● What you are asked to do: Once the line containing "La nomenclatura tradicional" is found in the entries below, restate it and each following line word for word, stopping after the line containing "N. sistemática *".

● The input:
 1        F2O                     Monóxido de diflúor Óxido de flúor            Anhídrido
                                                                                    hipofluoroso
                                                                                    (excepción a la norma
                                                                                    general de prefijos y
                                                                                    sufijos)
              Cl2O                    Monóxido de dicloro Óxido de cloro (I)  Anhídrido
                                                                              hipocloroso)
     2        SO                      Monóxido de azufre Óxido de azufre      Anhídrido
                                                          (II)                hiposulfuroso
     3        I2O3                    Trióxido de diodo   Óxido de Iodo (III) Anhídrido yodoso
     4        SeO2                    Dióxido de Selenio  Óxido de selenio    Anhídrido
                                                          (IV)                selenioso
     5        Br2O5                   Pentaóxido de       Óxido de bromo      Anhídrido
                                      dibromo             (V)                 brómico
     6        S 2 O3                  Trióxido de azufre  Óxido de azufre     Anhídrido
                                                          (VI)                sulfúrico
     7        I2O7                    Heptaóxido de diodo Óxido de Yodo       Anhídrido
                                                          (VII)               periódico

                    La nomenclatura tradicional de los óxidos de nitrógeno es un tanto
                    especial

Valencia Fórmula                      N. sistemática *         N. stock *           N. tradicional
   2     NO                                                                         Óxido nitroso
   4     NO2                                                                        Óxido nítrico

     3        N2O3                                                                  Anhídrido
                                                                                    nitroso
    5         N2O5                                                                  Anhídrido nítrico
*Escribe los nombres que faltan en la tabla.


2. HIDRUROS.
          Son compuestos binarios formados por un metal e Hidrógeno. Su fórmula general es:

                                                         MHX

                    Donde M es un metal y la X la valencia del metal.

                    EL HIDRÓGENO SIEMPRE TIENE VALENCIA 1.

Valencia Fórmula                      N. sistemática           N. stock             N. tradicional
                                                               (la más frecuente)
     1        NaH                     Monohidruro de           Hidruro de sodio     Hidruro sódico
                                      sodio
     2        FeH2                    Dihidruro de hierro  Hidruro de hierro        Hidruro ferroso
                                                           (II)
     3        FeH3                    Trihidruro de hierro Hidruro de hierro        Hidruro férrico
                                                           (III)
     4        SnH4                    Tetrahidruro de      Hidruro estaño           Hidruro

...

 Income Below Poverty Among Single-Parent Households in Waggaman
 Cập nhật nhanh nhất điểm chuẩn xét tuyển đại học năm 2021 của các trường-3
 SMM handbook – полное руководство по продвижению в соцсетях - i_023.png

...

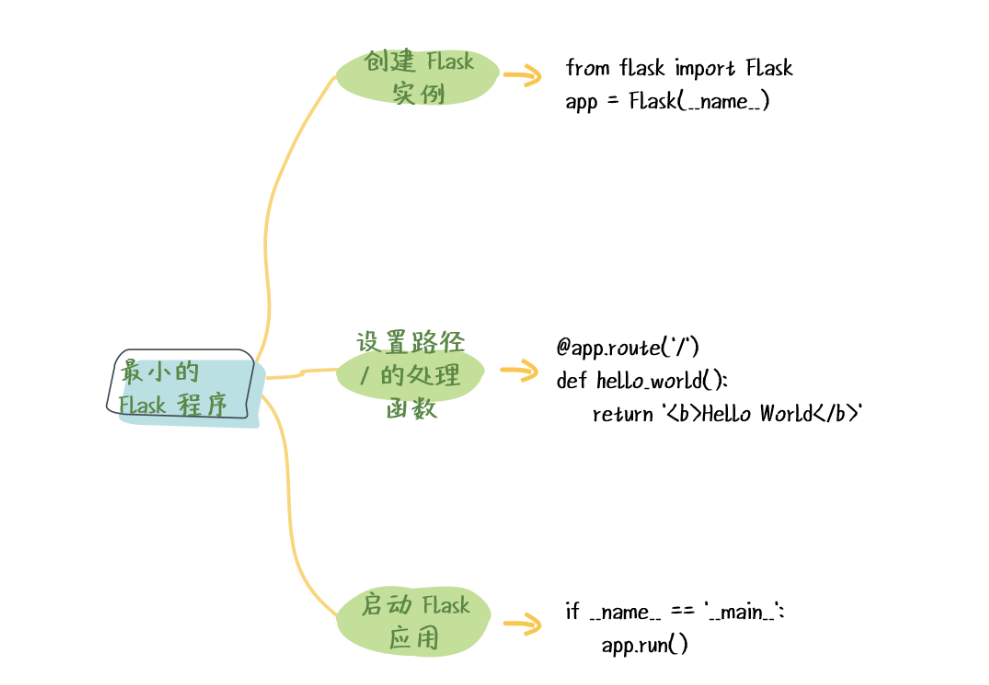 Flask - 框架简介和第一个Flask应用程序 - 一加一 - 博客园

● Result for this task:
                    La nomenclatura tradicional de los óxidos de nitrógeno es un tanto
                    especial

Valencia Fórmula                      N. sistemática *         N. stock *           N. tradicional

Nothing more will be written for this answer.